§ **Problem description**
Beginning at the line containing "The New Barbarians - Poster", repeat each line below exactly up to and including the line containing "For Honda AVANCIER". Do not repeat the pictures.
(Recorded data begins)
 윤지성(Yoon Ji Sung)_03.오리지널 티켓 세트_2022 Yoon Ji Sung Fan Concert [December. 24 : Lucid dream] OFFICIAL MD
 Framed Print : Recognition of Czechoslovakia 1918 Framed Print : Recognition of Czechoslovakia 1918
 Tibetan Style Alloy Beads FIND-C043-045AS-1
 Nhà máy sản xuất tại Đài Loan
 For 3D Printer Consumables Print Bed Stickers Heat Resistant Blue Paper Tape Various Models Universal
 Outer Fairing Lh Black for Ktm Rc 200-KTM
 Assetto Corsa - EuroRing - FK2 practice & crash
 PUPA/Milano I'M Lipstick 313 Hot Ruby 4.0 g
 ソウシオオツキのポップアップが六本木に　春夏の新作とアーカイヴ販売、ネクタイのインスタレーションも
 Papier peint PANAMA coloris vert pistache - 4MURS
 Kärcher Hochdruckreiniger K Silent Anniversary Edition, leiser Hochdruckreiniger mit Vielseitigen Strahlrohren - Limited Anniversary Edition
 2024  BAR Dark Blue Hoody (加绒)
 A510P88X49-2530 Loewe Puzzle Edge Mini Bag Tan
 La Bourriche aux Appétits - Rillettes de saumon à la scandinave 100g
(Recorded data ends)
(Recorded data begins)
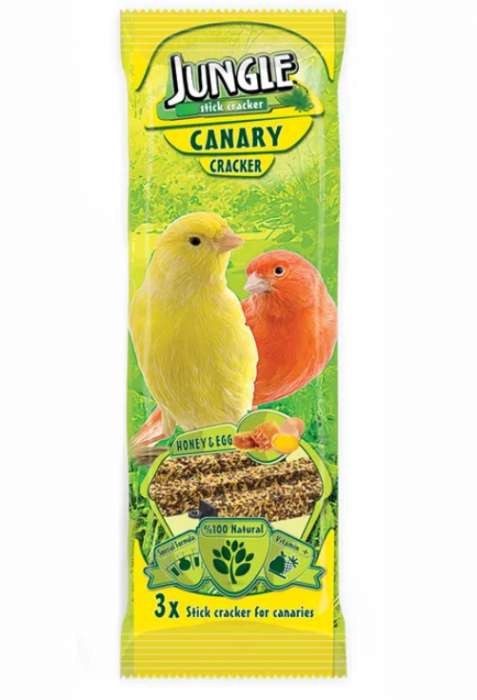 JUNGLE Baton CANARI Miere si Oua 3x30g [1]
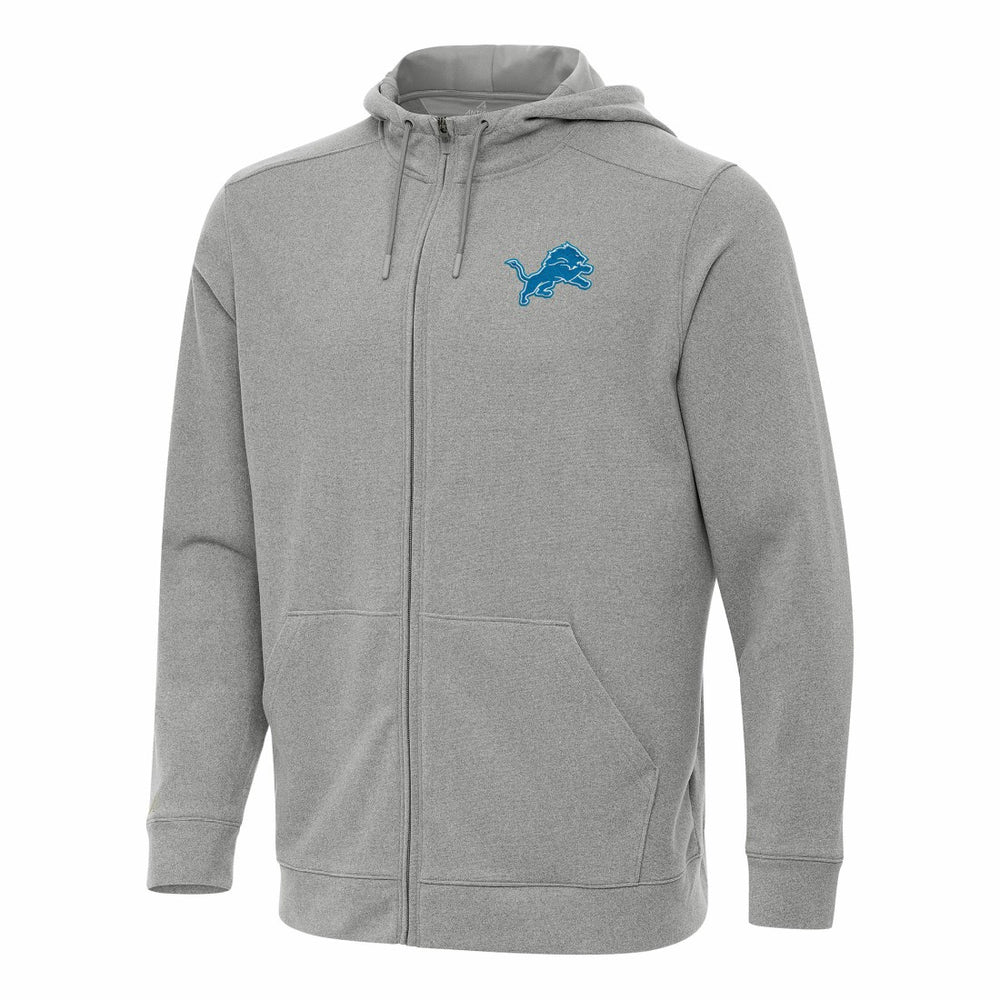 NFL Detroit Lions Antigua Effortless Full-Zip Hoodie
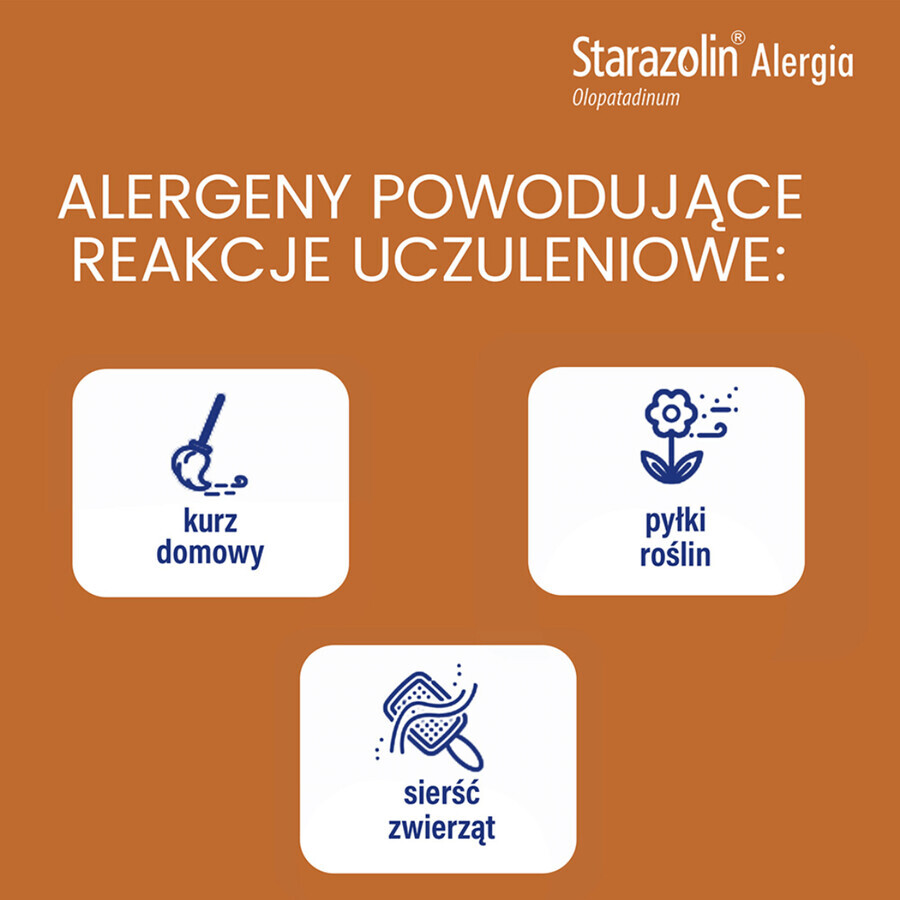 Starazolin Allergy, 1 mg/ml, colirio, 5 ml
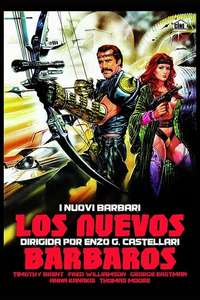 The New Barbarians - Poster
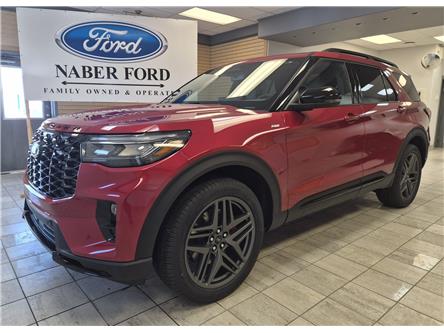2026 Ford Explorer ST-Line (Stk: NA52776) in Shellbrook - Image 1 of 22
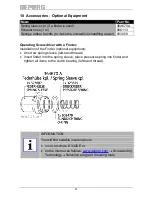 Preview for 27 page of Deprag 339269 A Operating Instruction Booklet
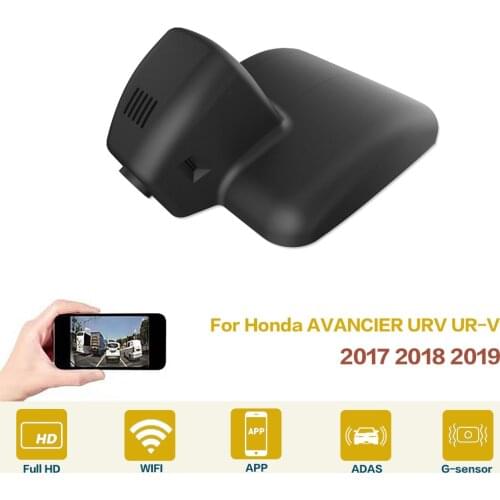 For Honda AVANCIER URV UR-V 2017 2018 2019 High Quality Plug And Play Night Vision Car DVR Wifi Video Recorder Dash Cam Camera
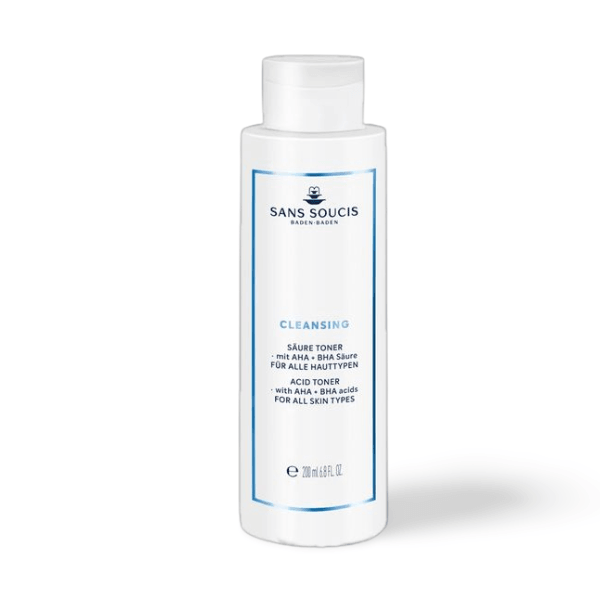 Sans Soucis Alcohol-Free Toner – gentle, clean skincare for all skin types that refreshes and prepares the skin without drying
(Recorded data ends)
§ **Result**
 The New Barbarians - Poster
2026 Ford Explorer ST-Line (Stk: NA52776) in Shellbrook - Image 1 of 22
 Preview for 27 page of Deprag 339269 A Operating Instruction Booklet
 For Honda AVANCIER URV UR-V 2017 2018 2019 High Quality Plug And Play Night Vision Car DVR Wifi Video Recorder Dash Cam Camera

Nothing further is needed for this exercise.